36号コウガイビルはエサなしで7ヶ月生きのびた!! #コウガイビル
▼報告が遅れていることがあった!!
エサなし生きる36号コウガイビルのことである。
昨年の6月20日、庭の植木鉢の下で発見した36号君!!
わずかな水とともにナイロン袋のなかに入れてから、ついに年を越して7ヶ月がたってしまった!!
冷蔵庫から出してすぐは、冷たい風の吹く外の気温の方が低かったのかとぐろ巻いて動かなかった。

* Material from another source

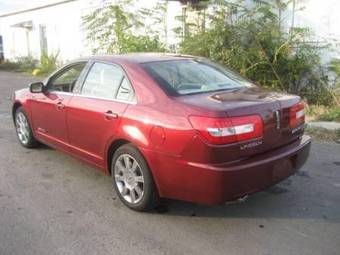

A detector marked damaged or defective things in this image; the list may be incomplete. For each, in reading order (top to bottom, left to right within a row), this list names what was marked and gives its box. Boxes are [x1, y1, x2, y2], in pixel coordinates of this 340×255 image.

cracked asphalt [0, 70, 338, 255]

陽のあたるところにしばらく放置しておくと動き始めた!!
まちがいなくエサなしでも生きている!!
▼「このコウガイビルのからだのなかで何が起きているのだろう!?」
この「ふしぎ!?」に応える手段を私は持っていなかった。
ただただ「観察」を継続するのみだった!!
いやひとつだけ方法があった。他の人の「研究」を参考にすることだ。
手元にあって直接「コウガイビル」ふれた文献はたったひとつ。
◆『プラナリアの形態分化~基礎から遺伝子まで~』(手代木渉、渡辺憲二著、共立出版 1998.3.25)
である。
この本には
・「14.陸産プラナリア,コウガイビル種類・生態並びに形態分化」(P259~)
の章があった。そして私の「ふしぎ!?」に答えてくれる部分があった。
「14.9 飢餓と再生」(P275)にである。少し引用させてもらう。
コウガイビルの飼育では給餌が大切な要素となるが、餌に対しての反応は同一種内でも異なり積極的に摂取するグループとそうでもないものとがある。また長期間の飢餓に耐え、もとの体重の1/100に減少しても生存し続けることができる。このような生理的変化が、顕著な再生能をもつ本動物の器官形成にどのような影響を及ぼすのか、頭部再生の有無、形成所要時間、極性との関連について、採集直後の体重を100として、もとの30~40%に減少したグループを飢餓個体として実験を行った。 なお、飢餓個体の設定は、採集された個体のうち、何としても餌を食べないものがあり、かなりの期間絶食にも耐えられるが、やがて死に至る。体重減少と生存期間の長短は一定ではないが、採取後減少の一途をたどる体重は、ある時点で平衡状態となり、これ以降急激に減少して死ぬものが多い。体重が安定をみせる状態を越えると個体は死を迎えることから、この安定期(もとの体重の30~40%)を飢餓状態と考えた。これらの飢餓グループと採集まもないものとを次の実験により比較した。(同書P276より)
▼大いに参考になる。
36号コウガイビルは今、「飢餓状態」にあるのだろうか!?
では、いつまで生きのびることができるのだろう?
それはまだわからない。
そして、 元々の「ふしぎ!?」
「このコウガイビルのからだのなかで何が起きているのだろう!?」
はまだ見えてこない。
分子レベルまで溯って考えるならば
・食べるとは?
・生きるとは?
・飢餓状況とは?
▼「コウガイビル研究」最前線はどこまできているのだろう?
前著の章のまとめは
再生現象はもちろんのこと、生態的な問題についても未知の事柄が山積みしており、今後の研究材料としても充分な価値を有する動物であると思う(同書P281)
と結んであった。それから20年が経とうとしている。
「コウガイビル研究」の今が知りたい!!
それが少しでもわかるまで36号コウガイビルにはぜひ生きていて欲しいナ。